- Artist: Will Horwitt
- Year: 1972
- Type: Cast iron and bronze
- Dimensions: 137 cm × 210 cm × 174.63 cm (4 ft 6 in × 7 ft × 5 ft 8.75 in)
- Location: IUPUI; Indianapolis, Indiana, United States; 39°46.381′N 86°10.218′W﻿ / ﻿39.773017°N 86.170300°W;

= Spaces with Iron =

Artwork by Will Horwitt

Spaces with Iron is a public sculpture by American artist Will Horwitt. It was installed in January 2009 on the Indiana University-Purdue University Indianapolis (IUPUI) campus, near downtown Indianapolis, Indiana. The sculpture is located at the corner of Blackford and Vermont Streets, on the southeast lawn of the Science Building, and is on long-term loan from the Indianapolis Museum of Art.

==Description==
Spaces with Iron, created in 1972, is made of cast iron and bronze. It measures 54 in high, 84 in wide, and 68.75 in long. The work consists of two open rectangular pieces. One elongated rectangle is cast in bronze; the other piece, almost square, is cast iron. The cast-iron rectangle is taller than the bronze piece, but the bronze piece is wider. Both forms sit upright, parallel to each other, and are connected with an iron piece resting across the bottom of each piece. The sculpture sits on a cylindrical-shaped concrete base. A bronze rectangular cuboid rests on each rectangular piece on the sculpture's proper left side. The edges of both cuboids extend beyond the sides of the rectangular pieces.
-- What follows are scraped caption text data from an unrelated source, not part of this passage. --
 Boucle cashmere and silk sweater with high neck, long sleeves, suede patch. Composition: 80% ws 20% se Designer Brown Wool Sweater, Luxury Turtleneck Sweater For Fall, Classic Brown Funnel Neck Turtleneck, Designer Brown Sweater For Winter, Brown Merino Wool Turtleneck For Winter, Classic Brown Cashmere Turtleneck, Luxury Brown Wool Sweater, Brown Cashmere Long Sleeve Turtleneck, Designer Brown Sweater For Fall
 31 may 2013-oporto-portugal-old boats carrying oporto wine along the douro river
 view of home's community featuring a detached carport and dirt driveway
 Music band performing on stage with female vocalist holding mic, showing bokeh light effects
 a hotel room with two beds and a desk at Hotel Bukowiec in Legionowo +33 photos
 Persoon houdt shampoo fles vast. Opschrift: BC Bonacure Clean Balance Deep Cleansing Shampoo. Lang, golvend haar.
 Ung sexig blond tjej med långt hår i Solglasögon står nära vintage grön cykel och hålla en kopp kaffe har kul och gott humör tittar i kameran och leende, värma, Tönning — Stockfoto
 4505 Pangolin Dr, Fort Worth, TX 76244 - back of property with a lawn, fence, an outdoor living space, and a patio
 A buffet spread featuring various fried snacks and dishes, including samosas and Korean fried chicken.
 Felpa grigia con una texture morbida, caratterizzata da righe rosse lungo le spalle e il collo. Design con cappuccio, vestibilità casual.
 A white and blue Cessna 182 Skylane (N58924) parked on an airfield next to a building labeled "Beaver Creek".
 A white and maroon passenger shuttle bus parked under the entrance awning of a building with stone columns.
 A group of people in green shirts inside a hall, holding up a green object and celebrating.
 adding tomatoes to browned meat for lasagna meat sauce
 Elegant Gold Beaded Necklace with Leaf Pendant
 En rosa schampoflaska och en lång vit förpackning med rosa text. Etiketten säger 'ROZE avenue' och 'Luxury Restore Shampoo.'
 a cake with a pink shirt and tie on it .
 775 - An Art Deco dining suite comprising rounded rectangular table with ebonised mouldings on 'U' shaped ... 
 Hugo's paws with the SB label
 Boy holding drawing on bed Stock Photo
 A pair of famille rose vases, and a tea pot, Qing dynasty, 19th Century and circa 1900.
Spaces with Iron "draws attention to the negative spaces created by the sculpture's openings as well as the environment in which it resides."

===Acquisition===
The Indianapolis Museum of Art acquired Spaces with Iron in 1981 through the Helen Benjamin Fund and assigned it accession number 81.220.

==Artist==
New York City artist Will Horwitt was a modernist sculptor who was born in 1934 and spent his adolescence in Stockbridge, Massachusetts. From 1952 to 1954 he studied at the Art Institute of Chicago. In 1965 he received the Guggenheim Fellowship for creative sculpture. Three years later he was awarded the Tiffany Purchase Grant. New York Times art critic Art Canaday commends Horwitt as "a most gratifying workman...The simplified subtly warped forms in expressive balances are consistently mindful of Brancusi, but that is a good point of departure. Mr. Horwitt comes through as one of the strongest young sculptures around."

Horwitt's works appear in many public and private collections, including those of Nelson Rockefeller, Vera and Albert List, and Helen and Robert Benjamin. His sculptures are featured in the Yale University Art Gallery, the Solomon R. Guggenheim Museum, the Wadsworth Atheneum, the Albright-Knox Art Gallery, the Neuberger Museum of Art, the Governor Nelson A. Rockefeller Empire State Plaza Art Collection in Albany, NY, and at IUPUI.

Horwitt's works are strongly rooted in geometric forms. His minimalist pieces have been favorably viewed by many critics throughout his career. Horwitt "reflects [on] the dominance of a certain preoccupation with the language of the space and lines that express the evocative forms of both his drawings and sculptures." According to Al Brunelle, writer for Art in America, Horwitt's pieces are, "expressive...they transmit a feeling that is vital and concrete like everyday life experience." His last exhibition was at the Vanderwoude Tananbaum Gallery in New York City. He died of lymphoma in 1985 in New York City at the age of fifty one.

==Location==
Spaces with Iron was acquired by Newfields (formerly the Indianapolis Museum of Art) in 1981. In 1985 it was moved from the southwest corner of the sculpture court to the north of Newfields’ Krannert Pavilion. The sculpture was moved again in 1990 to Newfield's southeastern lawn by the parking lot, to either the north or west side. In late January 2009 it was removed from the Newfields grounds and installed on the IUPUI campus, at the corner of Blackford and Vermont Streets on the southeast lawn of the Science Building.

Spaces with Iron is one of four pieces on long-term loan to IUPUI from the Indianapolis Museum of Art. The others are Portrait of History, Mega-Gem, and East Gate/West Gate. Three pieces were transported to IUPUI in January 2009; however, due to its size, East Gate/West Gate was flown by helicopter to campus in March 2009. These pieces and other public art are installed along a portion of the Indianapolis Cultural Trail, a bikeway and pedestrian path that "connects neighborhoods, entertainment facilities and the city's five cultural districts": Indiana Avenue, Massachusetts Avenue, Fountain Square, the Wholesale District, and White River State Park. The Cultural Trail, completed in 2013, connects downtown Indianapolis to Broad Ripple Village via the Monon Trail.